There's a river in this town; Maybe you've never seen it

But for a long time, it's been around, And we need it;yeah, we need it

(CHORUS): Roll On Pomperaug and all the great rivers of Connecticut

May your waters flow clean and strong

And when it comes to you, may we never forget

From the Thames to the Saugatuck, Branford and Connecticut

The Mystic, Niantic, and the Housatonic,

Water keep a flowin', River keep a rollin'

All together to the sea

(repeat chorus until the rivers are clean)


Trip to New Orleans Ends up in Philadelphia.
The plan was my friend Rudy was going to marry Donna in New Orleans and I was going to play the reception with my old cohort Danny Counts on the bass. I left a lot of free time so I could pick up Danny in Roanoke, Va. and still be able to go to a Braves game and visit Hank William's gravesite on the way down. But this was not meant to be, I guess. Mother Nature intervened and the whole wedding was postponed. Too bad, but what are you going to do?

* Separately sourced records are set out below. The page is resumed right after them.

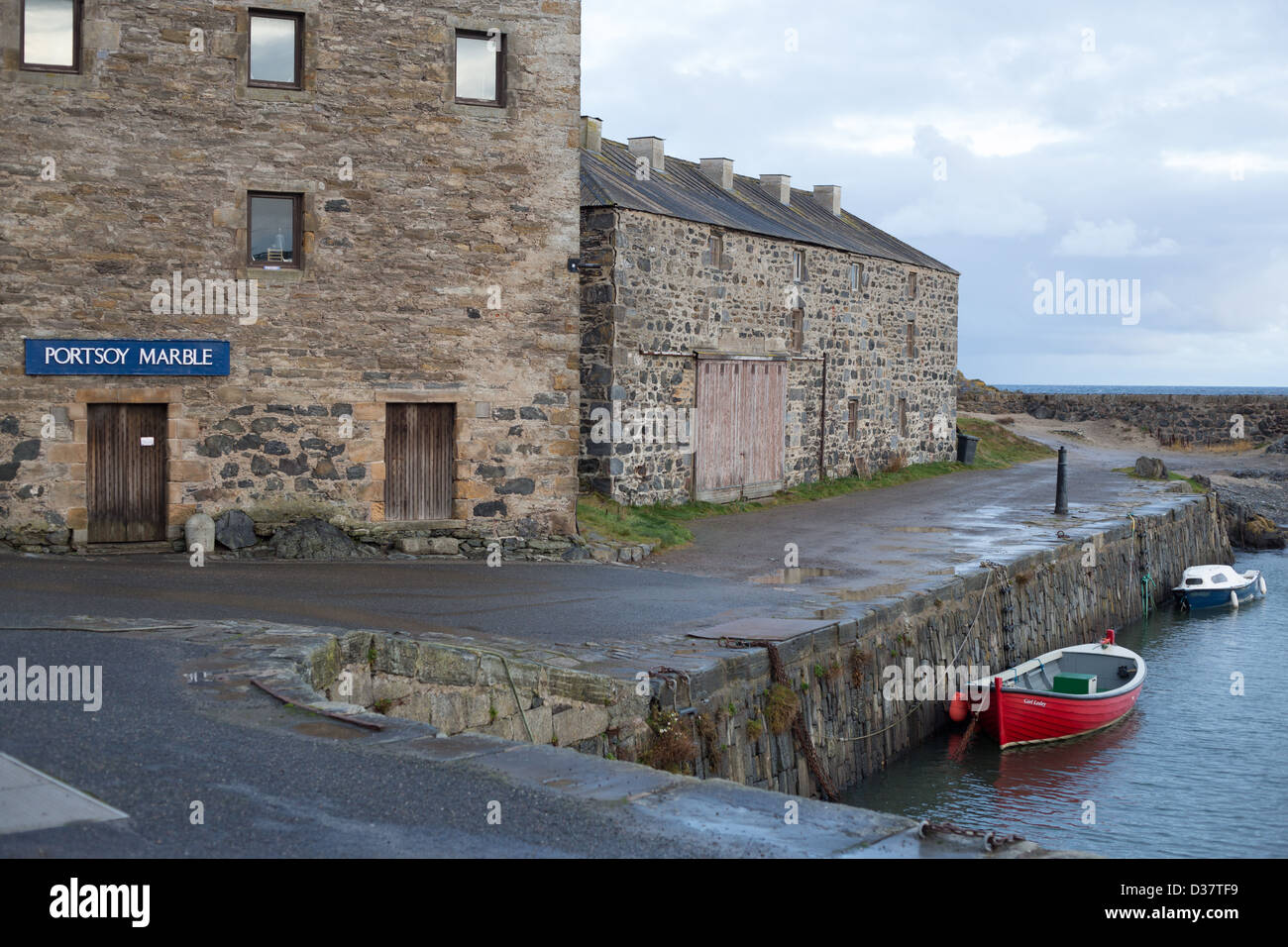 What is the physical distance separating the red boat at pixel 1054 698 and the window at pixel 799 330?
37.9 ft

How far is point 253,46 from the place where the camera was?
53.8 feet

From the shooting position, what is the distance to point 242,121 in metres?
16.3

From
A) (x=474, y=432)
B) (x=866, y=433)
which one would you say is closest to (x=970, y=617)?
(x=474, y=432)

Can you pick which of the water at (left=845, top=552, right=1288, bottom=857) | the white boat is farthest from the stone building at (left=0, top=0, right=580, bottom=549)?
the white boat

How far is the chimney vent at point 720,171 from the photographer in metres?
29.7

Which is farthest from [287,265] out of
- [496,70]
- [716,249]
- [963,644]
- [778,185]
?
[778,185]

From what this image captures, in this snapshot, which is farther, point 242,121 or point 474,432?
point 474,432

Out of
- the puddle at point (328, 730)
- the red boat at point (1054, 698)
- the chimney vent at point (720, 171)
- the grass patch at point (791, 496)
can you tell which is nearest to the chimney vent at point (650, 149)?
the chimney vent at point (720, 171)

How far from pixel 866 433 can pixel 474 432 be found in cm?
1667

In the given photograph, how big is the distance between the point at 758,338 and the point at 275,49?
1262 centimetres

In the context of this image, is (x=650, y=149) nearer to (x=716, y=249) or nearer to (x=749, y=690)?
(x=716, y=249)

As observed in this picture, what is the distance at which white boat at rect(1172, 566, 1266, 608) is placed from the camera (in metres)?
26.7

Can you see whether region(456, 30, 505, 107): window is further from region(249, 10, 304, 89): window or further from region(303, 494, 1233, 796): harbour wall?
region(303, 494, 1233, 796): harbour wall

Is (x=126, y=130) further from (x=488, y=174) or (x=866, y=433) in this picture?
(x=866, y=433)
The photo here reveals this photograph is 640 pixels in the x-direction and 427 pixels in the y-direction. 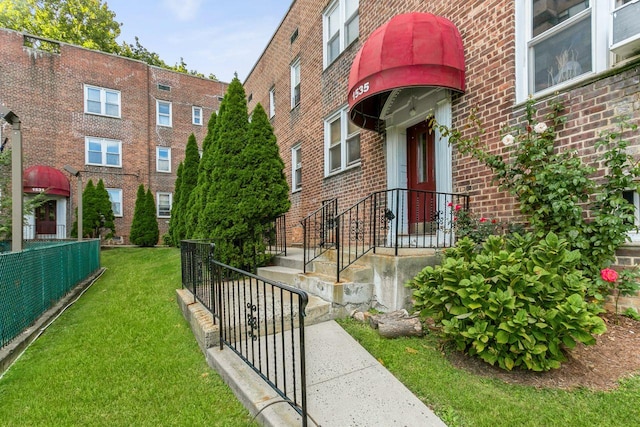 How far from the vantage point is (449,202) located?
504cm

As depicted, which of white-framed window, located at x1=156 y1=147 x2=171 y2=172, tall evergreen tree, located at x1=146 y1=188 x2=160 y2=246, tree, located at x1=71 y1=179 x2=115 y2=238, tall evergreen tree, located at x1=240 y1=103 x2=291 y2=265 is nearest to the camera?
tall evergreen tree, located at x1=240 y1=103 x2=291 y2=265

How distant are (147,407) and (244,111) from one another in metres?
5.42

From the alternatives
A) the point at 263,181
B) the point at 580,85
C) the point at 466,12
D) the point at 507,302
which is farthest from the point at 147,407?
the point at 466,12

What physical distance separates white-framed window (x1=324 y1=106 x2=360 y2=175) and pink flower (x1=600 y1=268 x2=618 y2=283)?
4.84m

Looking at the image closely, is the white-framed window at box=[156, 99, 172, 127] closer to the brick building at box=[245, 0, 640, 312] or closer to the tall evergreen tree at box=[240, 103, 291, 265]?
the brick building at box=[245, 0, 640, 312]

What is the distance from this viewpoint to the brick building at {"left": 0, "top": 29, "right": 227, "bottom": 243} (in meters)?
15.8

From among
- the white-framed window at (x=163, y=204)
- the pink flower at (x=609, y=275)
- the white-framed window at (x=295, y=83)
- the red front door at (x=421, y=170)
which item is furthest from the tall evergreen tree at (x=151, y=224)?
the pink flower at (x=609, y=275)

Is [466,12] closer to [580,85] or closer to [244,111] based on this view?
[580,85]

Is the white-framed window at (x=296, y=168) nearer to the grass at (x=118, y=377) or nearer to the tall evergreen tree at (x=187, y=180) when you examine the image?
the tall evergreen tree at (x=187, y=180)

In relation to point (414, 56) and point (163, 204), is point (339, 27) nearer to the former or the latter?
point (414, 56)

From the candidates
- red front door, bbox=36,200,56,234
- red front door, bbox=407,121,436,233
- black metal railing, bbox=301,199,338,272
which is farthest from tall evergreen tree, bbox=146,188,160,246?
red front door, bbox=407,121,436,233

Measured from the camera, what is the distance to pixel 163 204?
19375 mm

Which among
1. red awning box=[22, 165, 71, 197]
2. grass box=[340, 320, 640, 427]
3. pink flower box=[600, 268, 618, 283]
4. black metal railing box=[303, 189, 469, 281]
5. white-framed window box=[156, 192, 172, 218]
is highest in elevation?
red awning box=[22, 165, 71, 197]

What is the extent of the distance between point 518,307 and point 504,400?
693 mm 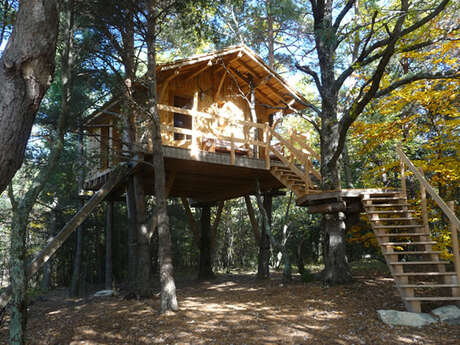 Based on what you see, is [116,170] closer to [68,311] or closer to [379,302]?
[68,311]

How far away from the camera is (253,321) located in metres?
6.02

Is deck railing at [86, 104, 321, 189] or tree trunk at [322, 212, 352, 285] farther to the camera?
deck railing at [86, 104, 321, 189]

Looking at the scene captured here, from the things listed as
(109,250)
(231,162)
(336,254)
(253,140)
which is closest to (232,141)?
(231,162)

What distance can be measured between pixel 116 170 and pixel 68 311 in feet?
12.7

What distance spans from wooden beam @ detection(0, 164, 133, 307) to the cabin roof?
2.21m

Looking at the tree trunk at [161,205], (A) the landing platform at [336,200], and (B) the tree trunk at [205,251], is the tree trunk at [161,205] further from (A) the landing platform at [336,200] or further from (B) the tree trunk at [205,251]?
(B) the tree trunk at [205,251]

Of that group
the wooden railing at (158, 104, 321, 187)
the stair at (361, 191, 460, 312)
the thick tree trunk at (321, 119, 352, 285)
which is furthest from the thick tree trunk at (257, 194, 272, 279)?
the stair at (361, 191, 460, 312)

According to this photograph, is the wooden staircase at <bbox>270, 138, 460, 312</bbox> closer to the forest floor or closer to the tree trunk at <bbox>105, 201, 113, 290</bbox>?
the forest floor

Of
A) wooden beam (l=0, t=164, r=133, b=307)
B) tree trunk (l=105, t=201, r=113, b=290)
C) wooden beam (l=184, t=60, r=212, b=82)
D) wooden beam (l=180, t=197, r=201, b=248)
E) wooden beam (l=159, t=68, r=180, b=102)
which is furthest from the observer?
wooden beam (l=180, t=197, r=201, b=248)

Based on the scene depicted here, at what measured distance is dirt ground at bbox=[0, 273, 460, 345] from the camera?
5.06m

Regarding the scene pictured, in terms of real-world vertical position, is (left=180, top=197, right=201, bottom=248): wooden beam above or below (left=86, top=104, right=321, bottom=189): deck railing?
below

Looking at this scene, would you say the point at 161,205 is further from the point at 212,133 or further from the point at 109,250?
the point at 109,250

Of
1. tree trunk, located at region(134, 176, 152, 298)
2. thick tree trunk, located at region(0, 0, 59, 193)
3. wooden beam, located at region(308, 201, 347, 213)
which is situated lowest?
tree trunk, located at region(134, 176, 152, 298)

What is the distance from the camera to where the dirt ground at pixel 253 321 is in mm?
5062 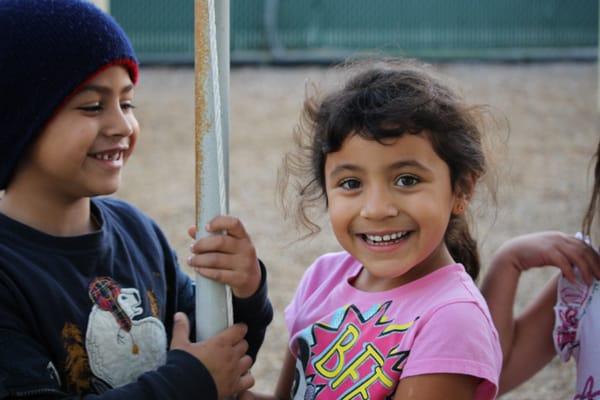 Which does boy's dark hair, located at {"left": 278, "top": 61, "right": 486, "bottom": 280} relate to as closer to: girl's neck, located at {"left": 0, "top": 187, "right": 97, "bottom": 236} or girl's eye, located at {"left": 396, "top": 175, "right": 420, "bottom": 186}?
girl's eye, located at {"left": 396, "top": 175, "right": 420, "bottom": 186}

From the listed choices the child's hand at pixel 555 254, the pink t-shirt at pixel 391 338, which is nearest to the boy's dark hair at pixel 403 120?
the pink t-shirt at pixel 391 338

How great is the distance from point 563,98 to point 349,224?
432 inches

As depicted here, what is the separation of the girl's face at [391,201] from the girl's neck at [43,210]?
575 mm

When Rudy called me on my cell, I had only gotten to Philadelphia where I was staying with my friends Jimmy and Brigitte Weinrott. All of a sudden, the sound system in the car looked a little silly and I had a LOT of free time. Jimmy and I had gone to Tufts and Mexico together, but hadn't spent a lot of time together since the 70's (ouch). That all changed this week-I stayed at their house for 5 days. We went to 2 Phillies games (where I kept my loyalties to myself), cooked some great meals, drank some amazing wine, (Jimmy has a company called Wine Access), and generally caught up on this and that. During the day while J & B were working, I borrowed Jimmy's bicycle and wandered around like I used to do when I lived in Cambridge many moons ago.At first I was very adventurous, but after almost getting clipped by a bus on Montgomery Avenue, I stuck to the shaded, surburban, residential streets where the life expectancy is much higher. I was amazed that I didn't get more lost even though I didn't have my GPS with me. There's a park one block from where I was staying which has ballfields, three fairly new tennis courts and a backboard that's in even worse shape than the one in Southbury's Ballantine Park. It should be called "Everywhere-but Back to you-Board".After chasing the ball around the park at various angles, I noticed a guy by himself on one of the courts hitting with a machine. I offered him a human alternative and we ended up having a spirted match together on two seperate days. He was younger and probably better than me, but I managed to prevail. Nothing like beating a total stranger at tennis while on vacation to improve your self esteem. So I still haven't been to New Orleans, but I know a lot more about the town of Narbeth, Pa than I used to. This evening I thought I would checking into my room at the St. Louis Hotel, but instead I'll be playing once again across the street from my home at The Olive Tree where the only hurricanes are in a glass. Hopefully, someone will bring some beads.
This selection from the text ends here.